In the old days they called him Il Roche--The Rock. Some of the old-timers still did. Always in the right-hand top drawer of his desk, where other businessmen might keep pads, pens, paper-clips, things of that sort, Enrico Balazar kept three decks of cards. He did not play games with them, however.
He built with them.
He would take two cards and lean them against each other, making an A without the horizontal stroke. Next to it he would make another A-shape. Over the top of the two he would lay a single card, making a roof. He would make A after A, overlaying each, until his desk supported a house of cards. You bent over and looked in, you saw something that looked like a hive of triangles. 'Cimi had seen these houses fall over hundreds of times (Claudio had also seen it happen from time to time, but not so frequently, because he was thirty years younger than 'Cimi, who expected to soon retire with his bitch of a wife to a farm they owned in northern New Jersey, where he would devote all his time to his garden . . . and to outliving the bitch he had married; not his mother-in-law, he had long since given up any wistful notion he might once have had of eating fettucini at the wake of La Monstra, La Monstra was eternal, but for outliving the bitch there was at least some hope; his father had had a saying which, when translated, meant something like "God pisses down the back of your neck every day but only drowns you once," and while 'Cimi wasn't completely sure he thought it meant God was a pretty good guy after all, and so he could only hope to outlive the one if not the other), but had only seen Balazar put out of temper by such a fall on a single occasion. Mostly it was something errant that did it--someone closing a door hard in another room, or a drunk stumbling against a wall; there had been times when 'Cimi saw an edifice Mr. Balazar (whom he still called Da Boss, like a character in a Chester Gould comic strip) had spent hours building fall down because the bass on the juke was too loud. Other times these airy constructs fell down for no perceptible reason at all. Once--this was a story he had told at least five thousand times, and one of which every person he knew (with the exception of himself) had tired--Da Boss had looked up at him from the ruins and said: "You see this 'Cimi? For every mother who ever cursed God for her child dead in the road, for every father who ever cursed the man who sent him away from the factory with no job, for every child who was ever born to pain and asked why, this is the answer. Our lives are like these things I build. Sometimes they fall down for a reason, sometimes they fall down for no reason at all."

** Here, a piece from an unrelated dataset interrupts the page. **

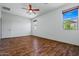 Bedroom with wood floors, windows, closet, and ceiling fan, offering a well-lit and comfortable retreat at 21582 W Cocopah St, Buckeye, AZ 85326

Carlocimi Dretto thought this the most profound statement of the human condition he had ever heard.
That one time Balazar had been put out of temper by the collapse of one of his structures had been twelve, maybe fourteen years ago. There was a guy who came in to see him about booze. A guy with no class, no manners. A guy who smelled like he took a bath once a year whether he needed it or not. A mick, in other words. And of course it was booze. With micks it was always booze, never dope. And this mick, he thought what was on Da Boss's desk was a joke. "Make a wish!" he yelled after Da Boss had explained to him, in the way one gentleman explains to another, why it was impossible for them to do business. And then the Mick, one of those guys with curly red hair and a complexion so white he looked like he had TB or something, one of those guys whose names started with O and then had that little curly mark between the O and the real name, had blown on Da Boss's desk, like a nino blowing out the candles on a birthday cake, and cards flew everywhere around Balazar's head, and Balazar had opened the left top drawer in his desk, the drawer where other businessmen might keep their personal stationery or their private memos or something like that, and he had brought out a .45, and he had shot the Mick in the head, and Balazar's expression never changed, and after 'Cimi and a guy named Truman Alexander who had died of a heart attack four years ago had buried the Mick under a chickenhouse somewhere outside of Sedonville, Connecticut, Balazar had said to 'Cimi, "It's up to men to build things, paisan. It's up to God to blow them down. You agree?"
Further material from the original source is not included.